A key element of the band’s sound is the voice of lead singer John Latini. Recalling the raspy, liquor-soaked growl of Tom Waits, Latini’s soulfully controlled vocals animate the stories of the songs. At once smooth and rough, his singing sounds alternately celebratory, remorseful, seductive, and dangerous. The moods match the tunes (most written by Latini and Wolak), which range from the affectionate “Business to Business” (“I’m gonna marry my heart to yours / We’ll merge like department stores”) to the tough attitude of street-fighting “Louie” (“Stay off the street, easy meat — he’ll make your life complete”).

The eponymous blues ballad “Crowbar Hotel” is arguably the strongest number here, and it also best fits the formula for a hit, with its memorable chorus and easily deciphered lyrics. (Other songs, harder to follow, are kept somewhat at arm’s length.) In a heartbreakingly slow tempo, the song deals with a blues commonplace — a girl cheats on a guy, and he takes revenge. But this song tells the rest of the story, with the cuckold paying the price — “ten years in the Crowbar Hotel” — for his temper: “So I’m all cooped up, such a stupid duck / Gotta push this laundry truck, just plain outa luck / But I rung his clock.” The tight ensemble of musicians (including Sal D’Agnillo on lead guitar and Jim Latini on drums) raises the song’s volume to that of an angry lament but then drops back to a polished whisper, leaving us wondering whether to pity the storyteller or fear him.
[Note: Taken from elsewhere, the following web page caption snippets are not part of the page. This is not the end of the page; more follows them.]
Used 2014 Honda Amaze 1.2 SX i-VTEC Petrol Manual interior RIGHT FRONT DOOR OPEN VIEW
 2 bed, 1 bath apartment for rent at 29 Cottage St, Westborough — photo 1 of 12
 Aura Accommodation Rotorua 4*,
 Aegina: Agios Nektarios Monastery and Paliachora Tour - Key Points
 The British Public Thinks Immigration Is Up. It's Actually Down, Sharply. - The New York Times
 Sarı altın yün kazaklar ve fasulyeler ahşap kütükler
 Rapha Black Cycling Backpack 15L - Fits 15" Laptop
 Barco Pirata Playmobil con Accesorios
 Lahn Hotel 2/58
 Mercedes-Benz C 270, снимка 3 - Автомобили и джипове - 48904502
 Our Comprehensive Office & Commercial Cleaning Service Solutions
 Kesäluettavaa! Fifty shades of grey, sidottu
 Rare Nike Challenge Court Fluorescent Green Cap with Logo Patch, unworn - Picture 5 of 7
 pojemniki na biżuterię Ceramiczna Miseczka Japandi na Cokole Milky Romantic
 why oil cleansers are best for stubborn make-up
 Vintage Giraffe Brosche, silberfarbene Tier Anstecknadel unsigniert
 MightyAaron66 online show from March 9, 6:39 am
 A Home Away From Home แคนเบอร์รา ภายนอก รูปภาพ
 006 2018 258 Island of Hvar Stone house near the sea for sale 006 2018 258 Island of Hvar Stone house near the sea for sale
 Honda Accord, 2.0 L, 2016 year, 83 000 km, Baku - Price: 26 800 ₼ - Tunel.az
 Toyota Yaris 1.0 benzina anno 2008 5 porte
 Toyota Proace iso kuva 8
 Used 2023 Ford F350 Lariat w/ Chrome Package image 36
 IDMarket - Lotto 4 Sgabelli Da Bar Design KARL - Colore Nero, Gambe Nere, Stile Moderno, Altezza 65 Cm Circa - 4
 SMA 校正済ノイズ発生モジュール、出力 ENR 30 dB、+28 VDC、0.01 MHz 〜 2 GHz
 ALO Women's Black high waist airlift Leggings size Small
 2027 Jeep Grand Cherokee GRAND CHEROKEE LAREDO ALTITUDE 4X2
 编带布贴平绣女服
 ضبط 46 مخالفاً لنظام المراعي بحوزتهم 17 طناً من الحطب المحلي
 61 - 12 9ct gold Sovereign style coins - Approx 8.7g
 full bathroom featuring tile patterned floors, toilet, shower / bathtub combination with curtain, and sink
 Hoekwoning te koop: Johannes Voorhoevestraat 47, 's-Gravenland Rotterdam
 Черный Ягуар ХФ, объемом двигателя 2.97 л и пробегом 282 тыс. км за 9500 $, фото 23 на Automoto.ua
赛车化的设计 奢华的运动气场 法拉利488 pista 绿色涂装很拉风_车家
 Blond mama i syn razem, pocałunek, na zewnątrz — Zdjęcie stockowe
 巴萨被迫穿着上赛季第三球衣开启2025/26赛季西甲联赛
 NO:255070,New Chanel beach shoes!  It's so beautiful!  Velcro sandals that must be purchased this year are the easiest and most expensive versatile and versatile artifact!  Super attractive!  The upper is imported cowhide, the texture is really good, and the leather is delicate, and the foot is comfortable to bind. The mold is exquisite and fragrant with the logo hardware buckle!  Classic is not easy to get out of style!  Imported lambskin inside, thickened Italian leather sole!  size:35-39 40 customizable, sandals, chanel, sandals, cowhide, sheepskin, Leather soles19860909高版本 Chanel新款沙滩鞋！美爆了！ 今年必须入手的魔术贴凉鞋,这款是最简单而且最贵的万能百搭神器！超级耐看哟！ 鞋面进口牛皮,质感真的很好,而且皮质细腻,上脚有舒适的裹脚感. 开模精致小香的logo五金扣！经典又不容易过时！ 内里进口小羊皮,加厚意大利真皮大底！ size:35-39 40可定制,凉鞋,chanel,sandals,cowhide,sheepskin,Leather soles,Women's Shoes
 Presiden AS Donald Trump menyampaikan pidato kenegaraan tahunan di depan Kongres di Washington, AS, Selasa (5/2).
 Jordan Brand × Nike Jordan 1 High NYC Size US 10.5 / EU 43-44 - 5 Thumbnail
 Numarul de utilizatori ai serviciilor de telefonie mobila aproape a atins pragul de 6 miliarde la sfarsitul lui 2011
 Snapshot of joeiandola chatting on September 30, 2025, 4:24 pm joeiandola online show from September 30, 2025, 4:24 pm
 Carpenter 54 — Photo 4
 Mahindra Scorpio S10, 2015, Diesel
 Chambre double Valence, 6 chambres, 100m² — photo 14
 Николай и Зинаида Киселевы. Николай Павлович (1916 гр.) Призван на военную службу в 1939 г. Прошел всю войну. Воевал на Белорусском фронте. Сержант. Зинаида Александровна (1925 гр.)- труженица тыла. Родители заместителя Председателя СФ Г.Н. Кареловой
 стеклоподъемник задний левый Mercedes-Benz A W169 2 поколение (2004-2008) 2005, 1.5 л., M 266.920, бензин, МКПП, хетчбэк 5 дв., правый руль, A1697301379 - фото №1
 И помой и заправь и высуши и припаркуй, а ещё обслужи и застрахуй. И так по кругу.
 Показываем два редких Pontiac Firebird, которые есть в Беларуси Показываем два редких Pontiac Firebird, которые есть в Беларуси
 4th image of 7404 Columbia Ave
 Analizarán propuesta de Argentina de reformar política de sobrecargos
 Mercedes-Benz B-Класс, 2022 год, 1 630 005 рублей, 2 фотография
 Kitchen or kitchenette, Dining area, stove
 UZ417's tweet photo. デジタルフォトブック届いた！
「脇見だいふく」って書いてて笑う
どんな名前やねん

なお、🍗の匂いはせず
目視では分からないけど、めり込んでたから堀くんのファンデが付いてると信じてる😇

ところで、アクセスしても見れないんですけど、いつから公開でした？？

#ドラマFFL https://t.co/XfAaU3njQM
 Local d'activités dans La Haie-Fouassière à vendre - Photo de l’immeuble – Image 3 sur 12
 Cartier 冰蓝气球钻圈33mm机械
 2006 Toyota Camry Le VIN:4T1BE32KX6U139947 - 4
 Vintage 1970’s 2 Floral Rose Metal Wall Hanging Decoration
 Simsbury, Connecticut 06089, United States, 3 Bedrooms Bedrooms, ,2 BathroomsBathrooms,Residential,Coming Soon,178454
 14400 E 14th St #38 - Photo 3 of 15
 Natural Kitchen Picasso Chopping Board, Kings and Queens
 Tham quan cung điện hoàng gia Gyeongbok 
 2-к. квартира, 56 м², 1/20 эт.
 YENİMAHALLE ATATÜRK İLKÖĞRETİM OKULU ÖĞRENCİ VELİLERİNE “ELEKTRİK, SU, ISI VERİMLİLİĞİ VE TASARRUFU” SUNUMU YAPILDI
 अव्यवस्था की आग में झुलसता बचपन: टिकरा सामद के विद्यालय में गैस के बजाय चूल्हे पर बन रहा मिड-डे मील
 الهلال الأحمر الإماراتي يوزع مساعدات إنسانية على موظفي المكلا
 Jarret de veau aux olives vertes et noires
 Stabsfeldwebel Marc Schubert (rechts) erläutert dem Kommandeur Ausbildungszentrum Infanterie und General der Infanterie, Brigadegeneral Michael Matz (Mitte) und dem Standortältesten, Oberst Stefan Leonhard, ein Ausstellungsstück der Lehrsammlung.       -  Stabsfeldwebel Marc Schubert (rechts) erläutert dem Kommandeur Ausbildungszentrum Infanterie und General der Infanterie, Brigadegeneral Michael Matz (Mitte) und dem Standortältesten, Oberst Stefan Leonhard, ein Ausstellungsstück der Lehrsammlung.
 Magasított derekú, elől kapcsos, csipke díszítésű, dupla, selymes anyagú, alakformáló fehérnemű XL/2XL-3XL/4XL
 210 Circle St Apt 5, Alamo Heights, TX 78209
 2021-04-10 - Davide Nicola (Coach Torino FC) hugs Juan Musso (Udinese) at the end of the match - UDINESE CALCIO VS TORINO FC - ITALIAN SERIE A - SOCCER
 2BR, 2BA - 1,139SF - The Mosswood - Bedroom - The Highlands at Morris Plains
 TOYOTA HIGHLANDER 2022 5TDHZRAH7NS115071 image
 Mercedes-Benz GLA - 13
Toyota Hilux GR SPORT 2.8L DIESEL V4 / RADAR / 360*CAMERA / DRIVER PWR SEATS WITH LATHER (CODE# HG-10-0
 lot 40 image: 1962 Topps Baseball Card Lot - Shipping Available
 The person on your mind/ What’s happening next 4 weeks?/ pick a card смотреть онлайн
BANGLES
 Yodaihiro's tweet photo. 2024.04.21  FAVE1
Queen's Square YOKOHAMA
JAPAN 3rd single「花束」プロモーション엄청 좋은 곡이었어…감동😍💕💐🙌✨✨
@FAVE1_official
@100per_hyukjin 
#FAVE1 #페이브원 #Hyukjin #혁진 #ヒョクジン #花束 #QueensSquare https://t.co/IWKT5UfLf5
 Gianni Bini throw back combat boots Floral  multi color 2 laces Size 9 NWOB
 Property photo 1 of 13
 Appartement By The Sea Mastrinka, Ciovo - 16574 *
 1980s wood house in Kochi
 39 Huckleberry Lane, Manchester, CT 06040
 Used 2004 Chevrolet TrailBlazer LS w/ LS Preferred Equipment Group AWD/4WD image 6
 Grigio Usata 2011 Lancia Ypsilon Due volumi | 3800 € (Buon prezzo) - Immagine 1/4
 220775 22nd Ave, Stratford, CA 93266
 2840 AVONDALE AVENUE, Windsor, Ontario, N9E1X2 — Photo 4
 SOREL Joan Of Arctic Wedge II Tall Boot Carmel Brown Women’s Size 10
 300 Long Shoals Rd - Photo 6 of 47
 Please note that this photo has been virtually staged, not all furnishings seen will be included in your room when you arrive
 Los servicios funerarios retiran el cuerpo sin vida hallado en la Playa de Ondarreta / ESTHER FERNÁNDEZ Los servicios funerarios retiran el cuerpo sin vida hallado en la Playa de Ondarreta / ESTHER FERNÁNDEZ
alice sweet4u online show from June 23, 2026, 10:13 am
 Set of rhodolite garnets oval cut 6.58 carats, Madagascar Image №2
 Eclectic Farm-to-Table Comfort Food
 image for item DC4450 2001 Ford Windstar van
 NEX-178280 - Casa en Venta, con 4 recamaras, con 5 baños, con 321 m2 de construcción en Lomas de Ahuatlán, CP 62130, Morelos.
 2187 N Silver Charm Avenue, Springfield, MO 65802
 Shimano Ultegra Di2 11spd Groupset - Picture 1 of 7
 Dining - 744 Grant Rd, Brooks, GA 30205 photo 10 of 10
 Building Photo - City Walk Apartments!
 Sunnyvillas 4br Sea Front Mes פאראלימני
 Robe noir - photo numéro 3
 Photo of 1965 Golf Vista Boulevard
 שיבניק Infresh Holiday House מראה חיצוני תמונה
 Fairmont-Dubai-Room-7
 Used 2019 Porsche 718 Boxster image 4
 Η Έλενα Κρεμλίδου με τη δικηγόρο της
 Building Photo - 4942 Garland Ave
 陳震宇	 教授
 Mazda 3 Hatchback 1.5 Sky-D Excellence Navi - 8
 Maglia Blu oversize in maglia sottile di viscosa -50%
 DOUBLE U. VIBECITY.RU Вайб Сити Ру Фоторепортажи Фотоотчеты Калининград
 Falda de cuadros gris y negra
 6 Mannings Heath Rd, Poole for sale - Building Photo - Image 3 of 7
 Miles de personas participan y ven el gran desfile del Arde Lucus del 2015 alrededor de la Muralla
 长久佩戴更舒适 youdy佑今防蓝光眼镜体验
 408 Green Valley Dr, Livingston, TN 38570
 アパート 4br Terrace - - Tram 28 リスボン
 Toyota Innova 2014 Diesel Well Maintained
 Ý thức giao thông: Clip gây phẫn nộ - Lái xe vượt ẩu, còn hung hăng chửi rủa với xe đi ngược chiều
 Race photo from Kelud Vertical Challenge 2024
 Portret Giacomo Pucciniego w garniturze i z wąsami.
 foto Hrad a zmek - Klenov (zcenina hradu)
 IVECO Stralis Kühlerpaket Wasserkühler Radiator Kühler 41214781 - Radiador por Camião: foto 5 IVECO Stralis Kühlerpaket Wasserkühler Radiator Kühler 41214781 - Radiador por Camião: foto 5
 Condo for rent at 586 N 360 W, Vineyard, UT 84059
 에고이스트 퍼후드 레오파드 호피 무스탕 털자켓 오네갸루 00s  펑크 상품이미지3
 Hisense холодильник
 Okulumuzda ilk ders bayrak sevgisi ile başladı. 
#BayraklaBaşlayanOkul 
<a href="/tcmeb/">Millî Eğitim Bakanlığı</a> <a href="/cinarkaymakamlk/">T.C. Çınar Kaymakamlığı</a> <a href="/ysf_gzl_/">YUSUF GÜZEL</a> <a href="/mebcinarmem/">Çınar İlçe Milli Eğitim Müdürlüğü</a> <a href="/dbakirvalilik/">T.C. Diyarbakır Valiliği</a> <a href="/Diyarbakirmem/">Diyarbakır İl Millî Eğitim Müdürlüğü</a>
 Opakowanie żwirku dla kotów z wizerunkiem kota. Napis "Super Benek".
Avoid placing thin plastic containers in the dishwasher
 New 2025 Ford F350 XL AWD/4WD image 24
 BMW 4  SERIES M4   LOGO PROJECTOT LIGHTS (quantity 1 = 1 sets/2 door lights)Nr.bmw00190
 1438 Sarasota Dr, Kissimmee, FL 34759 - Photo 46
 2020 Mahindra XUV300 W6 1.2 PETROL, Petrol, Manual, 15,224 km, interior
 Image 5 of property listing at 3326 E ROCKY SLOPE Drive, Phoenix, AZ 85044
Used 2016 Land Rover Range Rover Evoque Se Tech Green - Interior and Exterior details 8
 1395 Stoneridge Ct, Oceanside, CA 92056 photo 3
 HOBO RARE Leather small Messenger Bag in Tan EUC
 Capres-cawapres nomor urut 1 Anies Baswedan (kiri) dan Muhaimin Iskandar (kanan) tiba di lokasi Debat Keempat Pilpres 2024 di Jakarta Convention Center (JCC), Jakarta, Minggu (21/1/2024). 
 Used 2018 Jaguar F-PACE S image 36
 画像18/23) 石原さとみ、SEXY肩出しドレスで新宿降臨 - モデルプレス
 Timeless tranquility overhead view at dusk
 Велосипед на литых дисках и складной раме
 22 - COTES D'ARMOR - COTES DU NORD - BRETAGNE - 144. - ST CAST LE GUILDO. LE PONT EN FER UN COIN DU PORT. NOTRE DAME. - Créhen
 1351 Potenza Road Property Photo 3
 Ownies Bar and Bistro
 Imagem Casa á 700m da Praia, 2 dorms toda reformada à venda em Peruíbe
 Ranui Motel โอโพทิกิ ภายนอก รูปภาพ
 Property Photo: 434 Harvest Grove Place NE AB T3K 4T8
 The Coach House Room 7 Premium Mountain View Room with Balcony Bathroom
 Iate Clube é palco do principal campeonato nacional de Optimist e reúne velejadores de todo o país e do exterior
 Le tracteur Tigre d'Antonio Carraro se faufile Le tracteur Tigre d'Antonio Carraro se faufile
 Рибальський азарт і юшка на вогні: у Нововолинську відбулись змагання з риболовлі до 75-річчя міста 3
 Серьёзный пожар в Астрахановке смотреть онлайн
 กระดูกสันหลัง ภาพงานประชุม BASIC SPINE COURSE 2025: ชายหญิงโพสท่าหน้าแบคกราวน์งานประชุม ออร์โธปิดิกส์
Throughout Other Lives, the band and the songs explore contrasts in temperament and mood that make us curious about where this talented Ypsilanti-based group is headed in the future. But on this CD, the band never loses that underlying southern comfort that is as down-home as an old rocking chair.

Crowbar Hotel is at Leopold Brothers on Wednesday, April 10, and at Rubber Soul in Ypsilanti on Friday, April 12.